The guys had set up a tyrolean when they arrived, so I gratefully took advantage of a dry return to the mainland! However, that second swim was not foregone, it was merely postponed, because the turquoise waters at Clachtoll beach proved irresistible on the drive home.
Rope-soloing is very uncommon and people tend to automatically perceive it as being very dangerous. But like most things in climbing, you have considerable control over the level of risk you expose yourself to, and by using additional backups I felt that I was able to climb within my risk appetite. Indeed, I have guided Stoer several times, sometimes being belayed by novice climbers - which probably carries more objective risk! Yet that seems “normal” and rope soloing does not. We tend to normalise and accept common risks, the most obvious example being driving - hurtling within meters of other metal boxes with very little room for error! When I look back, I genuinely believe that the most dangerous part of that day was driving to Stoer, with all the emergency stops for deer.

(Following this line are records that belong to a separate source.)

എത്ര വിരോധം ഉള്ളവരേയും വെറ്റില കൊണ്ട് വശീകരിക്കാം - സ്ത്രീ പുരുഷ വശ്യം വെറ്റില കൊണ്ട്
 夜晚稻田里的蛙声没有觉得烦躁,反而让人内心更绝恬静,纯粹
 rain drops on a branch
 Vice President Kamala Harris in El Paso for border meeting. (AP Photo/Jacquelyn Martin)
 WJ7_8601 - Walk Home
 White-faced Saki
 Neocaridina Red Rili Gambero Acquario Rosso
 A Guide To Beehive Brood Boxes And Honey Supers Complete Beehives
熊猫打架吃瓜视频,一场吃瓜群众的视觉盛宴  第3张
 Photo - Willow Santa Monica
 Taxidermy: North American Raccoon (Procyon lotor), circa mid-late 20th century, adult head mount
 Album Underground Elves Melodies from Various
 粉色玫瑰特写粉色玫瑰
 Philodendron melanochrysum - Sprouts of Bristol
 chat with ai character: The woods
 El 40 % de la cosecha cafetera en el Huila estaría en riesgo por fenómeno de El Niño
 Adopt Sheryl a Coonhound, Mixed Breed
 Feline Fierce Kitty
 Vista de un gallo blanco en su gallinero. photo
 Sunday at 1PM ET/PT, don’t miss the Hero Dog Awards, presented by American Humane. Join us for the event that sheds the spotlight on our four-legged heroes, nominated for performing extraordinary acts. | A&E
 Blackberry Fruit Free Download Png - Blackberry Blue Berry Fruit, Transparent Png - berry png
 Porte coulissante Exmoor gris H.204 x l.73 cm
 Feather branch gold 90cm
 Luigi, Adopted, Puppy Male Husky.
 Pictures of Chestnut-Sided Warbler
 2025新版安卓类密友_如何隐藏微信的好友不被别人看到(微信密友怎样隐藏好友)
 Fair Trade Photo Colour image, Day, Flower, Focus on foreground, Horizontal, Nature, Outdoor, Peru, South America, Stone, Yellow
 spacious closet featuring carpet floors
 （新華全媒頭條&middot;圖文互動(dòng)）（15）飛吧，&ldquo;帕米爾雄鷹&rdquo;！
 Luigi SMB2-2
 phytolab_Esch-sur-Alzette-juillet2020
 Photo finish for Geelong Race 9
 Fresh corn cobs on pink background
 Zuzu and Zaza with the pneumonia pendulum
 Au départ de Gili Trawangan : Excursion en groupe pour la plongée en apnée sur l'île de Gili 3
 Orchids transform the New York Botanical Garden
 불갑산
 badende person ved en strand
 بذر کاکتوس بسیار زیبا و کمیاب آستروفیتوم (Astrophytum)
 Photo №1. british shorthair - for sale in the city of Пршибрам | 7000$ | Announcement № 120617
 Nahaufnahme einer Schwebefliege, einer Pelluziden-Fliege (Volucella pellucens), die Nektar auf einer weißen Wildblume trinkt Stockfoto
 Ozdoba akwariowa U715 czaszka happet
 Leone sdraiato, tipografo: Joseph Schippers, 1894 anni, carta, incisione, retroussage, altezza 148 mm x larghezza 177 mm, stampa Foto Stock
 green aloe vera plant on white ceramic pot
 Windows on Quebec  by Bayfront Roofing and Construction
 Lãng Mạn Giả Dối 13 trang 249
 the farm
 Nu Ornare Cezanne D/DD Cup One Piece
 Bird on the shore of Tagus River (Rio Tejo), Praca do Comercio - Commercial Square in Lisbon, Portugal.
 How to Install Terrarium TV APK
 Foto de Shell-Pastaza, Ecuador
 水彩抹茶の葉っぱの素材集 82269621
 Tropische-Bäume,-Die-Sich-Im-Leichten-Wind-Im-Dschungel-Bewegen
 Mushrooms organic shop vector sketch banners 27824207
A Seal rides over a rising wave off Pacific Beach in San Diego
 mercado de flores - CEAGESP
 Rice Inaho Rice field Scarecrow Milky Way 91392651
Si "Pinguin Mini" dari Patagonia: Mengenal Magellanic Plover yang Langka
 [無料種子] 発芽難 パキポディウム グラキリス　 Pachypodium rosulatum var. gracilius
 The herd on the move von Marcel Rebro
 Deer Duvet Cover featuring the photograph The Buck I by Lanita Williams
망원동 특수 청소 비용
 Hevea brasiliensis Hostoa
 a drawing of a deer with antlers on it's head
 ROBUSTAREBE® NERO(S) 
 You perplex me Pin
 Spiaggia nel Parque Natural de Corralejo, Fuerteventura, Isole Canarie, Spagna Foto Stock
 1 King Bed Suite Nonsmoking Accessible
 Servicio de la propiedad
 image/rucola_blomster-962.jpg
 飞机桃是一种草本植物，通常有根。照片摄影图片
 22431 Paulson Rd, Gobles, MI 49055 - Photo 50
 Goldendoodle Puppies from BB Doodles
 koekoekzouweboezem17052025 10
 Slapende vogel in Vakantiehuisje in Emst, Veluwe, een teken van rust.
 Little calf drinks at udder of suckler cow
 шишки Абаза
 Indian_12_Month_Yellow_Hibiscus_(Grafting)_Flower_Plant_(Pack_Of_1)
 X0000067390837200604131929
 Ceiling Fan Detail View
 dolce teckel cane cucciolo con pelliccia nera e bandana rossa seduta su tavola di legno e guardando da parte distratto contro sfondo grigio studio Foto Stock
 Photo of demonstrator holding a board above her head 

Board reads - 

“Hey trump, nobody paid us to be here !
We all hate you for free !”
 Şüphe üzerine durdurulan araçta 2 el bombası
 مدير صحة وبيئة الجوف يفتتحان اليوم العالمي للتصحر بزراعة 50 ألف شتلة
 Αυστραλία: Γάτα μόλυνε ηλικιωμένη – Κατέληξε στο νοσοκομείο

Climbing is the basis for so much purpose and happiness in my life. It takes me to incredible places, and generates rich experiences which help me to understand the fickleness and peculiarities of our emotions. It leads to friendships and connections that hold a special value through powerful shared experiences. Rope-soloing challenged me in a whole new way, to experience those big emotions entirely alone, keeping silent and sharing it with no one. Making decisions for myself alone, and creating memories that I will never get to properly share with anyone. (Well, until I wrote a blog post!) I think that Tom would have been proud of my efforts, and it has definitely ignited a taste for more!